A collection of scriptural meditations from Saints and Fathers of the Church.

When you are praying, don’t rack your brains to find words. On many occasions the simple, monotonous stammering of children has satisfied their Father who is in heaven. Don’t bother to be loquacious lest the mind is bewildered in the search for words. The tax-collector gained the Lord’s forgiveness with a single sentence, and a single word charged with faith was the salvation of the robber. Loquacity in prayer often fills the head with foolish fancies and provokes distractions. Brevity on the other hand - sometimes only one word is enough - in general favors recollection.

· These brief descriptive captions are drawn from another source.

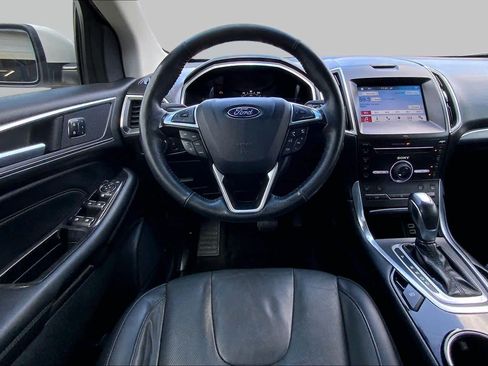 Used 2016 Ford Edge Titanium w/ Equipment Group 301A FWD image 6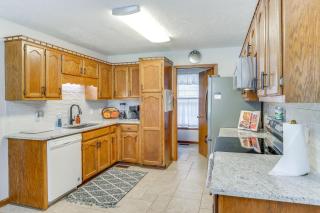 Large Yard and Basketball Hoop Murfreesboro Home! - 2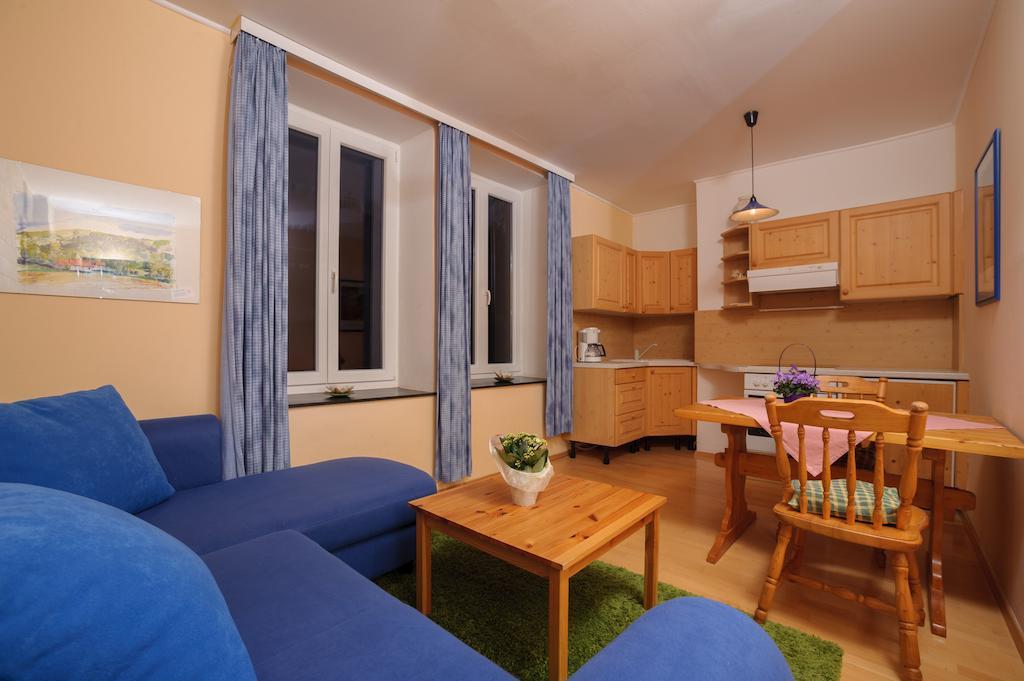 Hirschenhof Apartments シュピタール・アム・ゼンメリング エクステリア 写真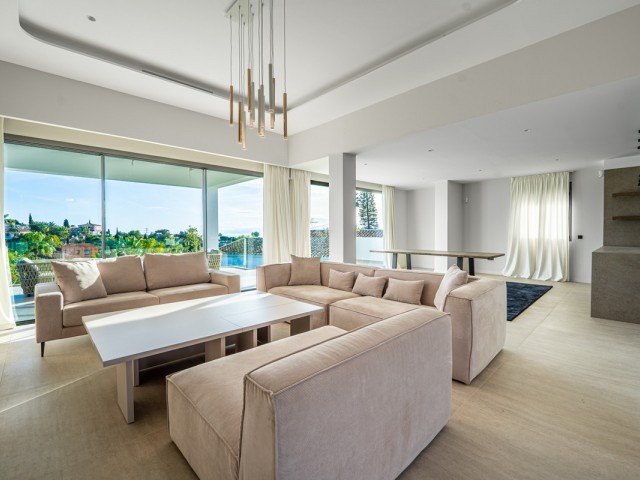 4 Slaapkamer Villa in El Rosario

Those who mourn and those who are insensitive are not subject to fear, but the cowardly often have become deranged. And this is natural. For the Lord rightly forsakes the proud that the rest of us may learn not to be puffed up.

The body can neither love nor hate. Neither can a body fall in love with a body. The capability for love belongs to the soul. When the soul is in love with the body, that is not love but desire, lust. When the soul is in love with the soul, but not through God, that is either admiration, or pity. However, when the soul, through God loves the soul, without consideration for the appearance of the body - beauty or ugliness - that is love. That is true love. For in love is life.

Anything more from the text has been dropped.